BEGIN

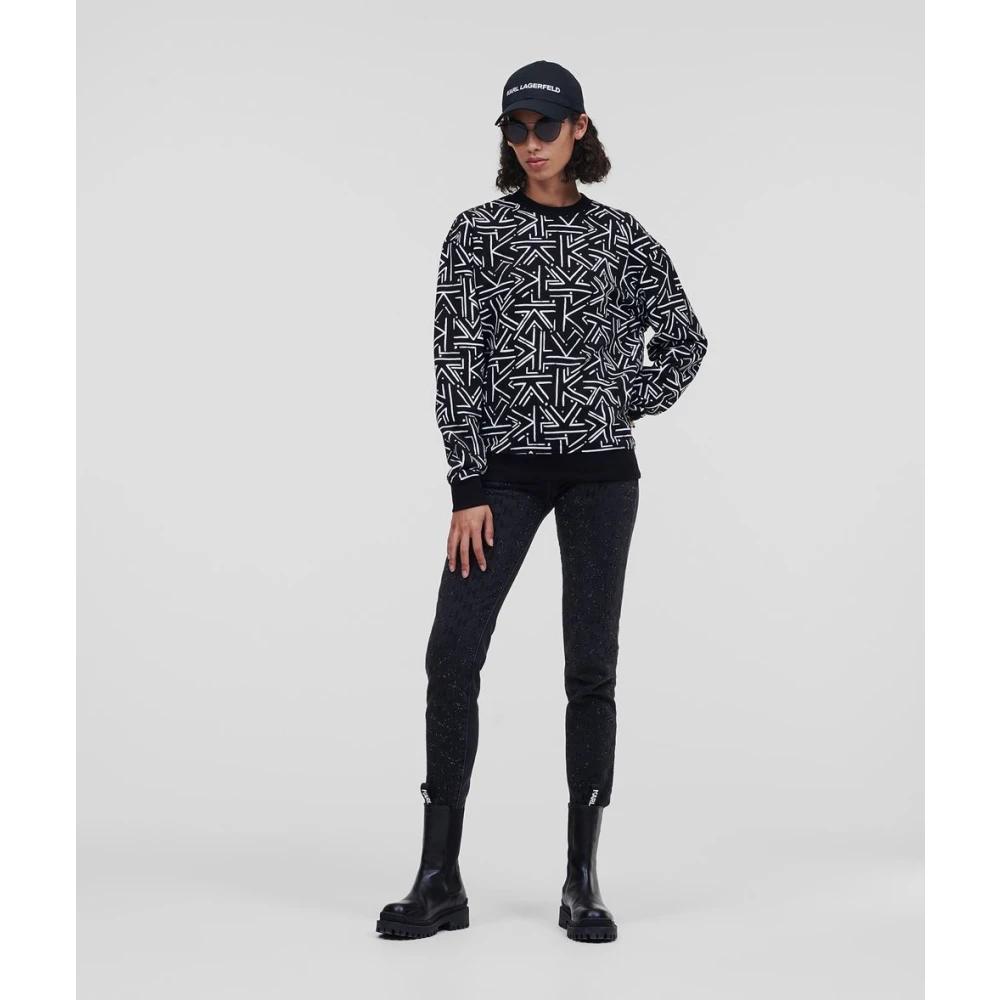Karl Lagerfeld Sweatshirt Black Dames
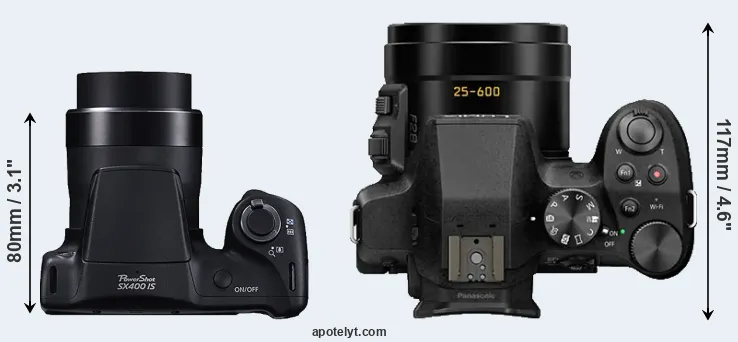 Compare SX400 versus FZ330 top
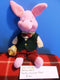 Disney Store Country Christmas Piglet Beanbag Plush
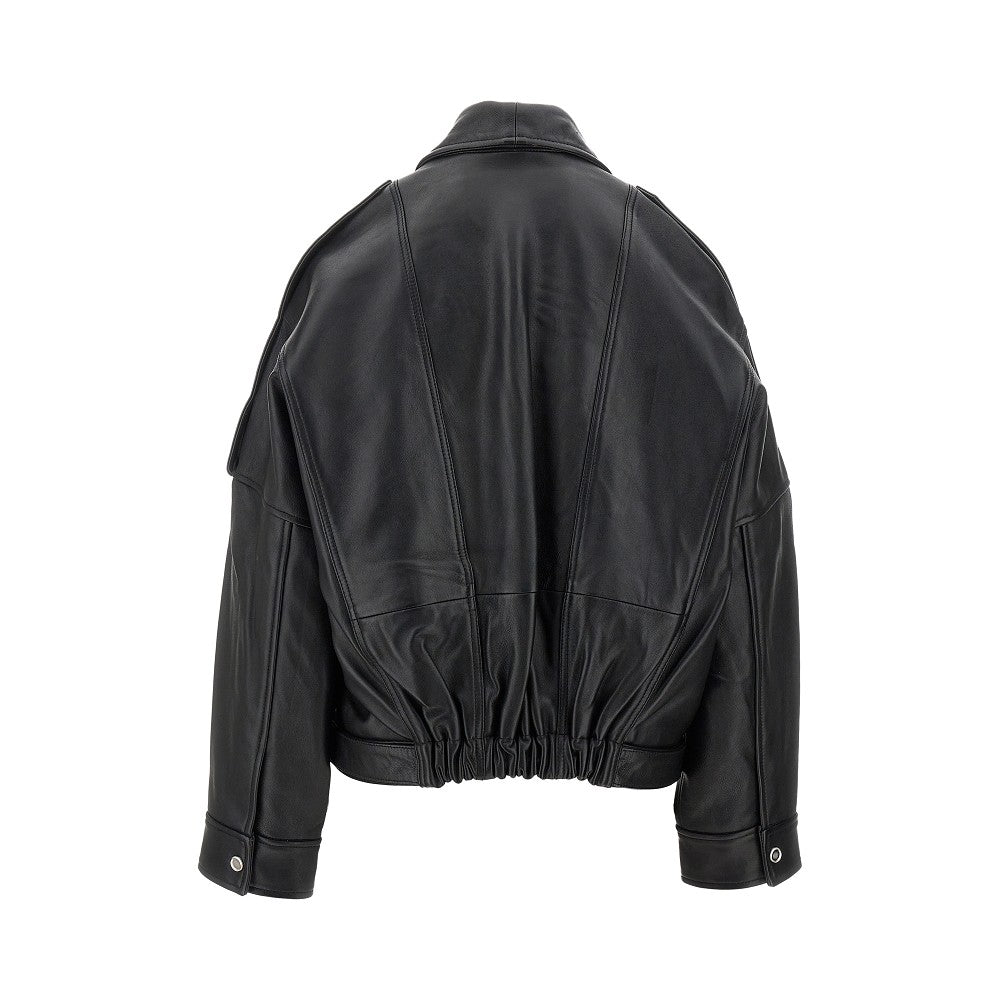 Nappa leather Biker jacket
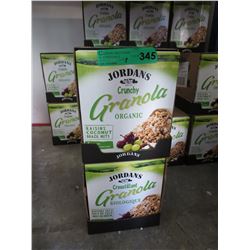 2 Cases of Jordan's Organic granola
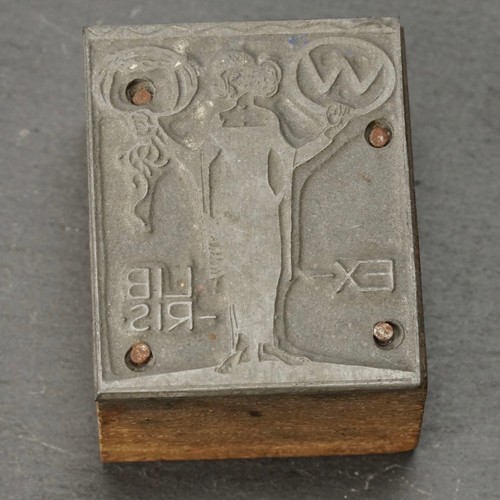 Jugendstil exlibris stempel - exlibris,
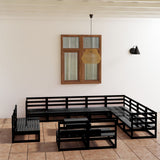 vidaXL 13-Piece Lounge Set Solid Pine Honey Brown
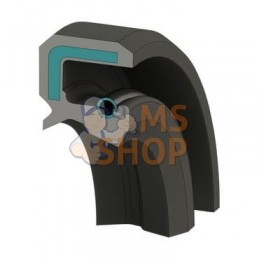 Joint d'arbre 75x100x12 Viton | KRAMP Joint d'arbre 75x100x12 Viton | KRAMPPR#463418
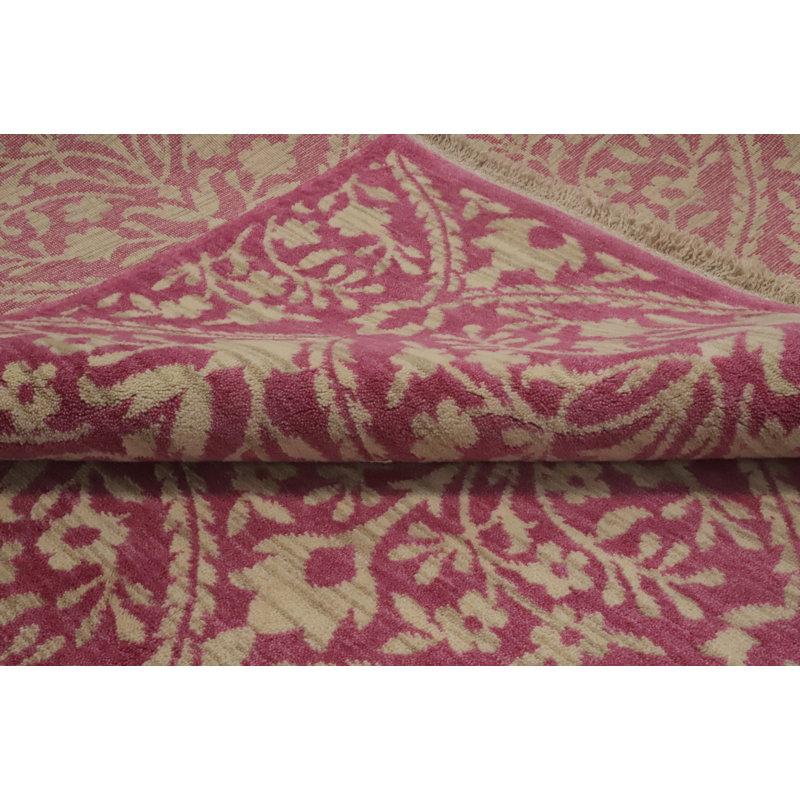 Tapis all-over rose Gabbeh 6 x 9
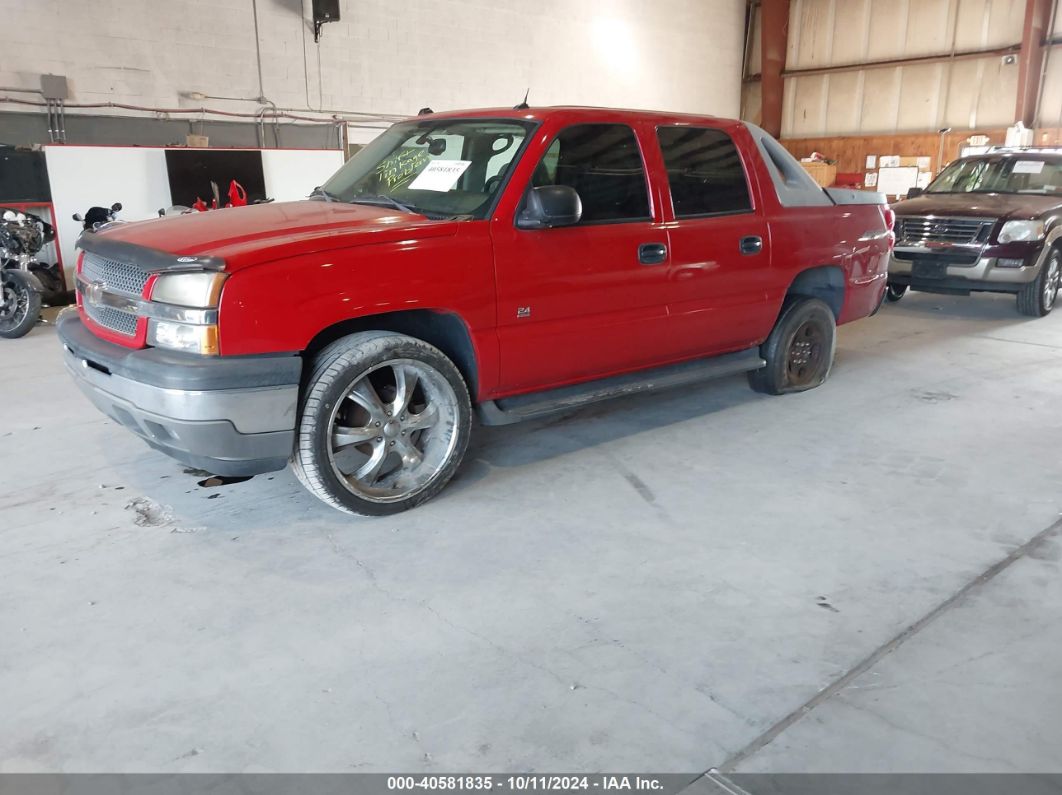 2005 CHEVROLET AVALANCHE 1500 LS Red  Flexible Fuel 3GNEK12Z75G281564 photo #3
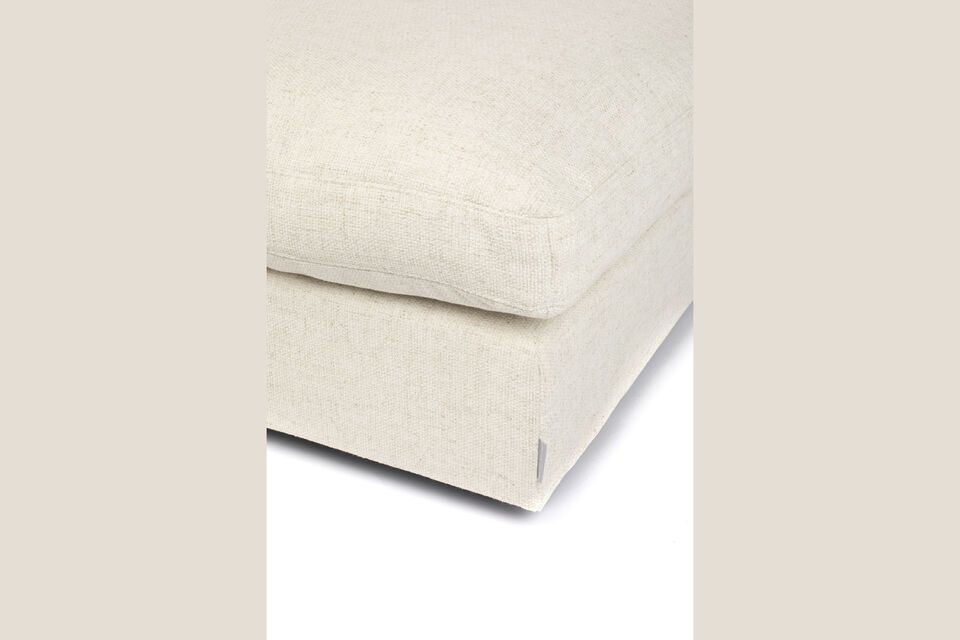 Cream fabric footrest Sense - 3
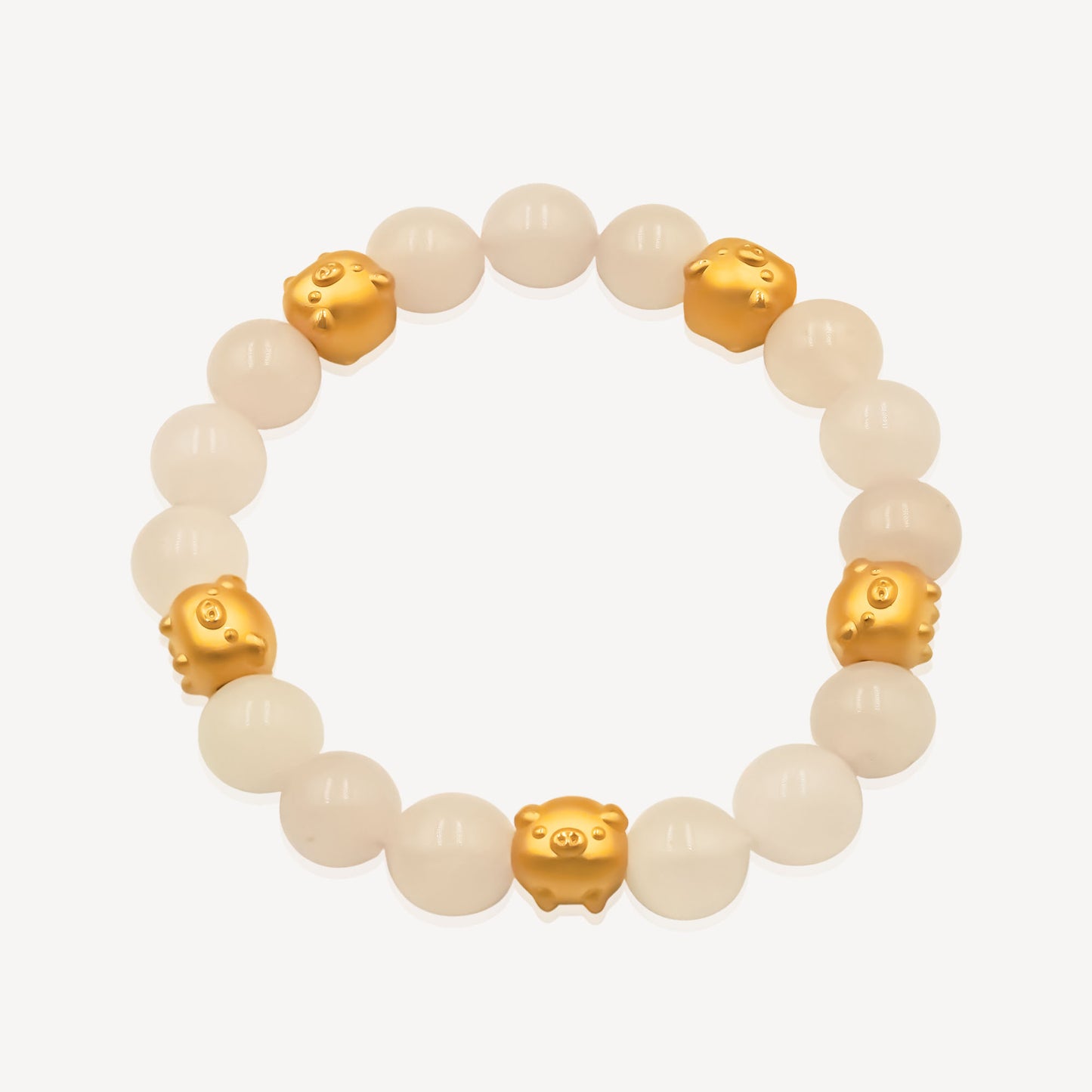 999 Gold 5 Pigs Bracelet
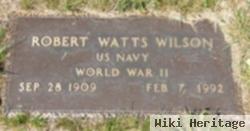 Robert Watts Wilson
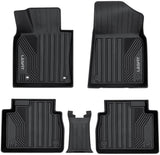 LASFIT Floor Mats for 2018-2022 Toyota Camry, FWD Only (Not Fit for Hybrid or AWD), All Weather Guard Custom Fit TPE Car Floor Liners, Front & Rear, Black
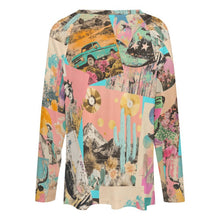 Load image into Gallery viewer, Baha Ranch Retro Pop Western Collage Long Sleeve Top
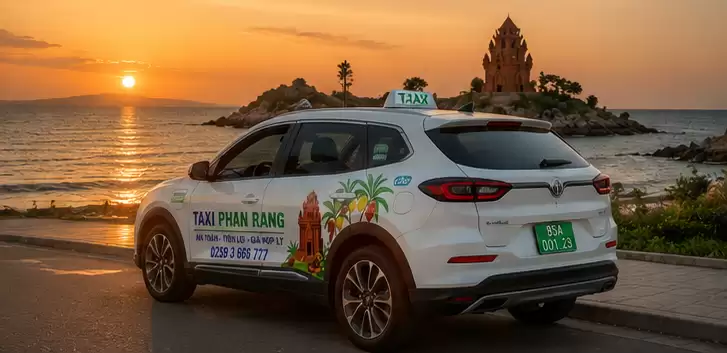 gọi taxi tại tháp chàm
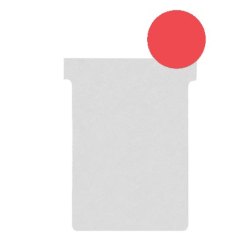 Nobo fiches T indice 2, ft 85 x 60 mm, rouge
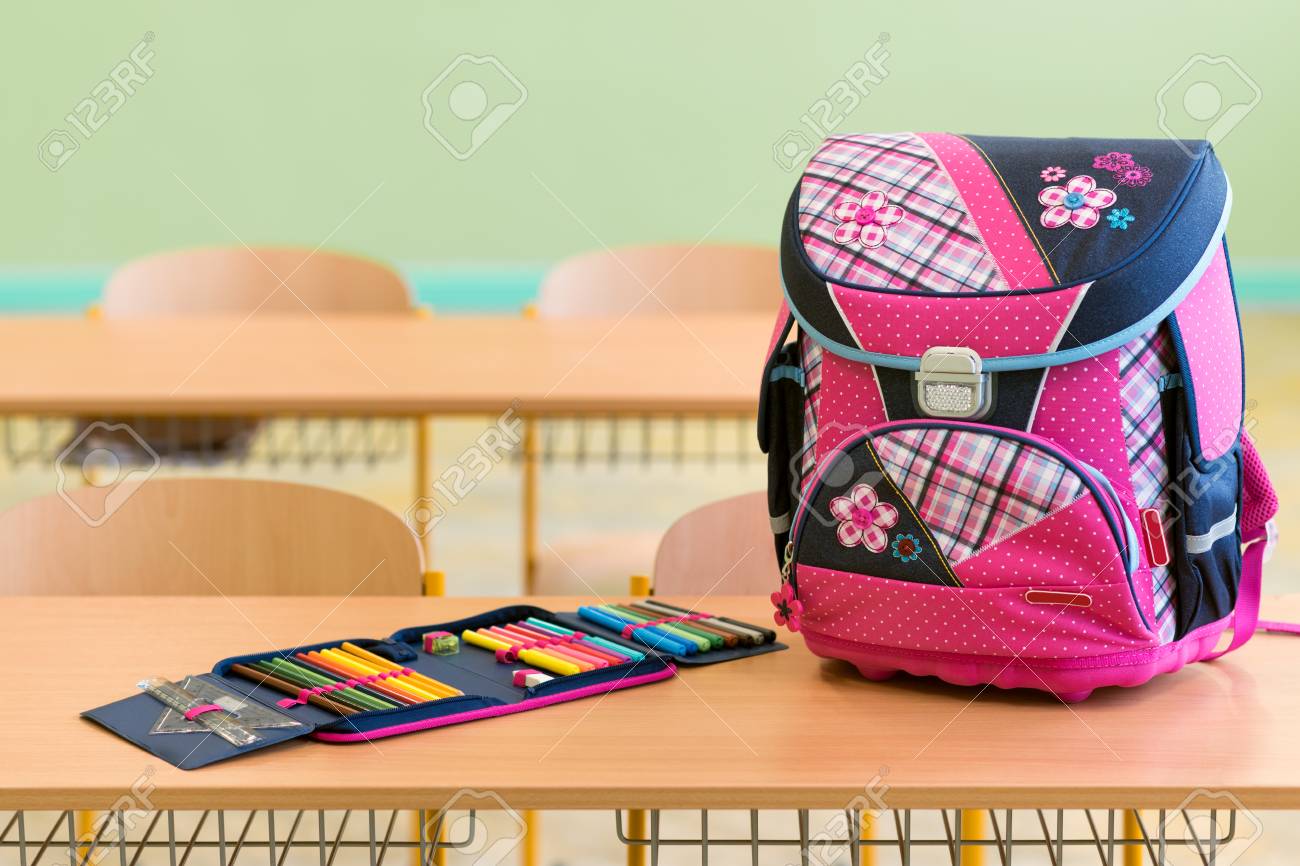 school bags and pencil cases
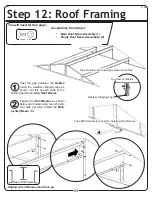 Preview for 31 page of Arrow Storage Products VAR1012S Owner'S Manual & Assembly Manual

END

**Work request**
Once the line with "Nappa leather Biker jacket" has been found above, output that line and every later line exactly, stopping after the line with "Tapis all-over rose Gabbeh 6 x 9", and omit the pictures.

**Written response**
 Nappa leather Biker jacket
 2 Cases of Jordan's Organic granola
 Jugendstil exlibris stempel - exlibris,
 vidaXL 13-Piece Lounge Set Solid Pine Honey Brown
 Joint d'arbre 75x100x12 Viton | KRAMP Joint d'arbre 75x100x12 Viton | KRAMPPR#463418
 Tapis all-over rose Gabbeh 6 x 9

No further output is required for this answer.